Accessibility at CHI (AccessComputing News - January 2014)

Jonathan Lazar, AccessComputing partner

ACM’s Special Interest Group on Computer-Human Interaction (SIGCHI) is the world’s largest organization dedicated to the study of how humans interact with interactive technologies. Since 2011, the SIGCHI Executive Committee has been discussing ways to become more inclusive of researchers and practitioners with disabilities. Two complementary forces have driven this initiative: members of the SIGCHI Executive Committee recognized that the SIGCHI community could be more inclusive of practitioners and researchers with disabilities and that improvements were possible, and a number of SIGCHI community members with disabilities began documenting and actively sharing areas where improvements could be made.

Some first steps have been made to address accessibility issues. In consultation with AccessComputing and with ACM SIGACCESS, two general categories of accessibility consideration emerged as key, but separate, issues. The first is digital accessibility (relating to websites and digital resources). The second is physical accessibility (relating to conference locations, hotels, and giving presentations).

Preliminary steps have been taken to improve accessibility of both digital accessibility and physical accessibility for all SIGCHI-related conferences and to create channels of communication between SIGCHI members and non-SIGCHI interested parties (e.g., conference attendees, researchers and practitioners in related fields).

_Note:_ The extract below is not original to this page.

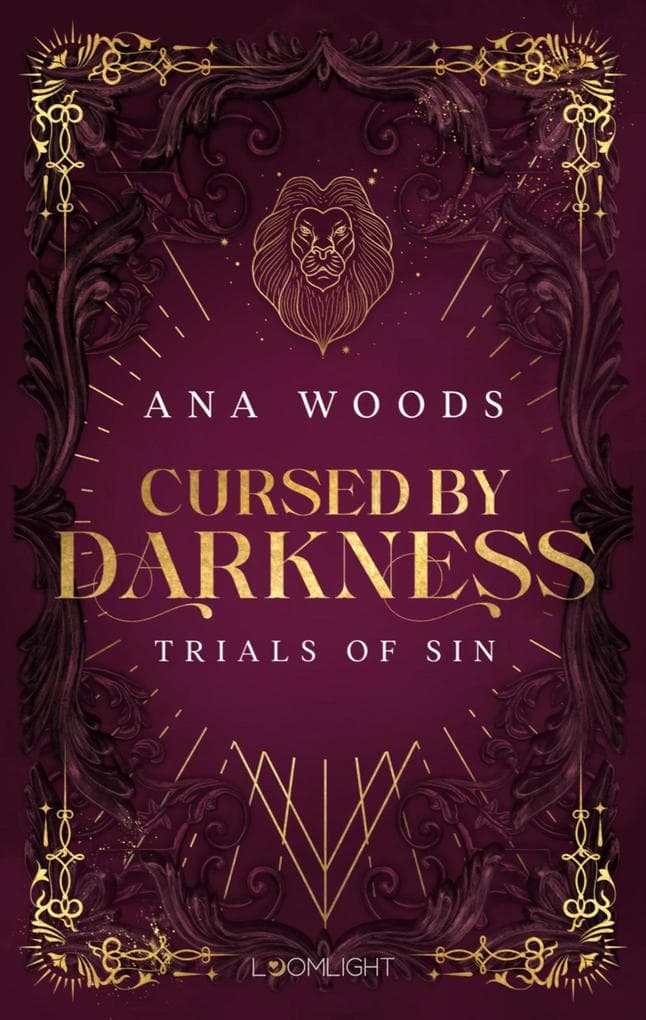 Trials of Sin 1: Cursed by Darkness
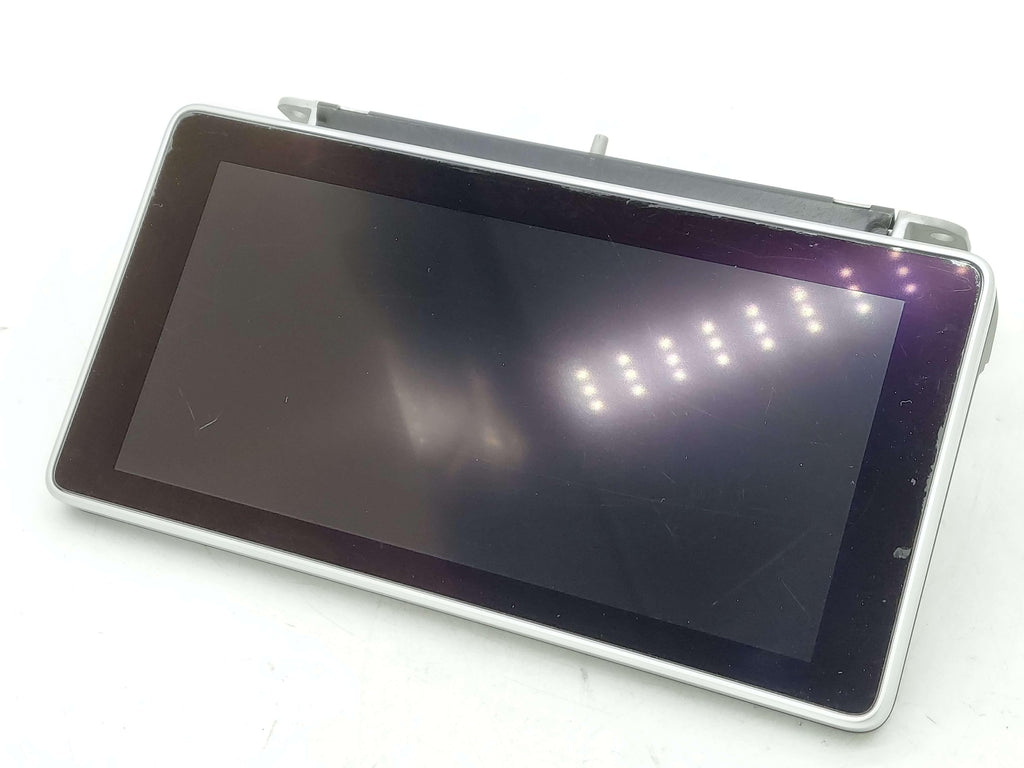 18-20 AUDI Q5 80A S-LINE DASH MMI LCD NAVIGATION DISPLAY SCREEN 80A919605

Three concrete steps have been taken to facilitate communication, raise awareness of issues and increase informed representation and advocacy of inclusive practices: (1) before SIGCHI’s flagship conference in 2013, the ACM SIGCHI Conference on Human Factors in Computing Systems, better known as “CHI”, a new email alias was created, focused specifically on reporting problems related to accessibility at the conference ( This email list was announced online through our email distribution lists and introduced at the Town Hall meeting at the conference itself; (2) questions related to accessibility experience at the CHI 2013 conference were added to the post-conference survey; and (3) the CHI 2014 conference chairs have created two new positions on the conference committee to represent the two key accessibility areas identified: digital accessibility chair and physical accessibility chair.

In addition to communication and representation, action has been taken. With regard to digital access, the digital accessibility chair has focused on the accessibility of the CHI 2014 web site, the CHI 2014 mobile app, and the formatting of digital library submissions (CHI papers). AccessComputing staff has been centrally involved in these efforts.

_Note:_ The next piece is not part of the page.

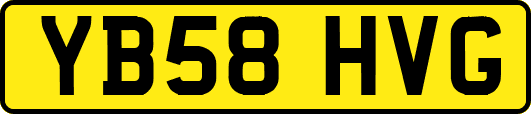 YB58HVG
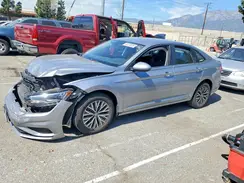 3VWC57BU3MM099985 2021 VOLKSWAGEN JETTA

With regard to physical access, CHI 2014 online submission forms have been modified to explicitly request that authors of accepted papers and notes indicate whether presenters attending the conference will need any type of disability related accommodations. Further, in conducting site selection, SIGACCESS-developed checklists for assessing conference and hotel facilities were adopted by the SIGCHI Conference Management Committee.

While improving the inclusiveness of SIGCHI is a long-term goal, AccessComputing has worked with SIGCHI to make progress towards that goal.